Och, wenn er will kann der TE die Asus doch grün anpinseln

Gruß


----------



## jUleZ_82 (5. Januar 2013)

facehugger schrieb:


> Och, wenn er will kann der TE die Asus doch grün anpinseln
> 
> Gruß



Dippen nennt man das 

Nein im ernst,
Gehäuse schwarz/grün
Board schwarz
Graka schwarz/rote Streifen

passt...


----------



## Coldhardt (5. Januar 2013)

Ich hätte auch noch ein paar, hmm, "Anregungen":

Gehäuse könntest du auch das hier nehmen: http://geizhals.de/608891

Graka musst du wissen, ob dir das rot/schwarze Design der Asus gefällt oder nicht 

Und Festplatte müsste man ja fast schon eine WD Green nehmen


----------



## jUleZ_82 (5. Januar 2013)

Coldhardt schrieb:


> Ich hätte auch noch ein paar, hmm, "Anregungen":
> 
> Gehäuse könntest du auch das hier nehmen: Cooler Master HAF X nVIDIA Edition mit Sichtfenster (NV-942-KKN1) Preisvergleich | Geizhals Deutschland
> 
> ...





Obwohl die EVGA 670 ja farblich besser passt...ich krieg Kopfweh ^^


----------



## -DarkY- (5. Januar 2013)

Ja,passen schon aber ich sag dir...so wird die schon bissle wärmer und unter 50% Lüfter ist sie der reinste Jet 
Eben anderen Lüfter drauf ^^


----------



## Coldhardt (5. Januar 2013)

jUleZ_82 schrieb:
			
		

> Obwohl die EVGA 670 ja farblich besser passt...ich krieg Kopfweh ^^



Schlaf einfach mal drüber  
Du kannst ja auch die Asus bestellen, sie ausprobieren, und wenn sie die gar nicht gefällt schickst du sie entweder zurück oder kaufst dir zusätzlich noch nen Peter/MK-26 und zwei grüne Lüfter und fertig. (Wobei zurückschicken und Ref Karte bei der zweiten Möglichkeit günstiger wäre )


----------



## jUleZ_82 (5. Januar 2013)

-DarkY- schrieb:


> Ja,passen schon aber ich sag dir...so wird die schon bissle wärmer und unter 50% Lüfter ist sie der reinste Jet
> Eben anderen Lüfter drauf ^^


 
Au man 

Kann da einer was zu sagen, leistungsmässig?
2048MB Club 3D GeForce GTX 670 royalQueen Aktiv PCIe 3.0 x16 (Retail)


----------



## -DarkY- (5. Januar 2013)

Naja,ich hab meine Karte für 325€ auf MF erkauft ^^ dazu noch der "damals" etwa 25€ teure Acrtic Twin Turbo II und ich hab ne leise,kühle und starke GraKa für 350€ was manch andere so kostet,daran muss man halt nichs mehr machen
Schlaf nochmal drüber


----------



## Coldhardt (5. Januar 2013)

jUleZ_82 schrieb:
			
		

> Au man
> 
> Kann da einer was zu sagen, leistungsmässig?
> 2048MB Club 3D GeForce GTX 670 royalQueen Aktiv PCIe 3.0 x16 (Retail)

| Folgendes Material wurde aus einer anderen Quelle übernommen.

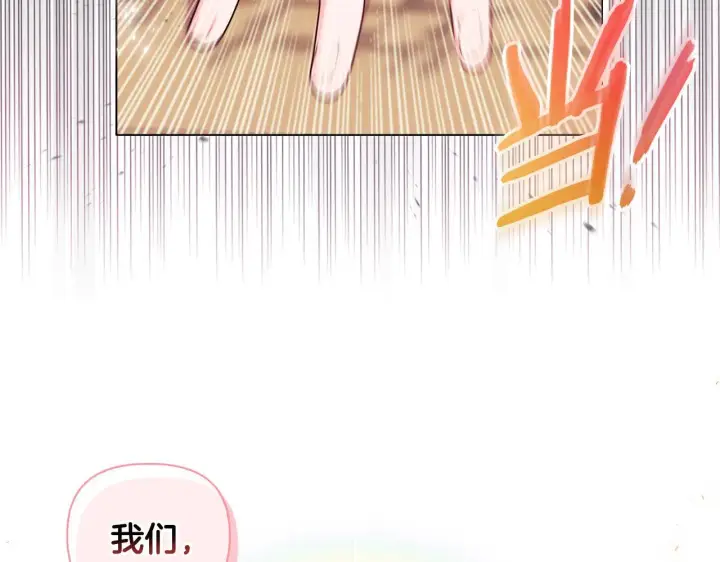 《安洁莉卡：不一样的夫人》第1话 恶梦初醒图13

Na die sieht ja hübsch aus! 

Ich glaub die ist nicht ganz so leise wie die Asus, aber noch akzeptabel.
Falls du's ganz leise (Luft) + Grün haben willst, wäre ein Peter/MK-26 und zwei Nanxonia Lüfter das sehr gut.


----------



## jUleZ_82 (5. Januar 2013)

Coldhardt schrieb:


> hübsch


 

Ich höre eh nicht gut, deswegen ist die Lautstärke nicht so wichtig. 
Mein alter Tower (Thermaltake Armor) kühlt zwar wie Sau, ist aber lauter wie unser Staubsauger...von da her...

Wollte wissen, ob Club3D gute Karten herstellt...


----------



## biohaufen (5. Januar 2013)

Also ich war mit Club 3D Karten immer zufrieden 

Falls es günstiger sein soll, scheint diese --> 2048MB Gigabyte GeForce GTX 670 OC Aktiv PCIe 3.0 x16 (Retail) - Hardware, ganz gut zu sein, ist zwar nicht schwarz/grün, aber naja...


----------



## facehugger (5. Januar 2013)

jUleZ_82 schrieb:


> Ich höre eh nicht gut, deswegen ist die Lautstärke nicht so wichtig.
> Mein alter Tower (Thermaltake Armor) kühlt zwar wie Sau, ist aber lauter wie unser Staubsauger...von da her...
> 
> Wollte wissen, ob Club3D gute Karten herstellt...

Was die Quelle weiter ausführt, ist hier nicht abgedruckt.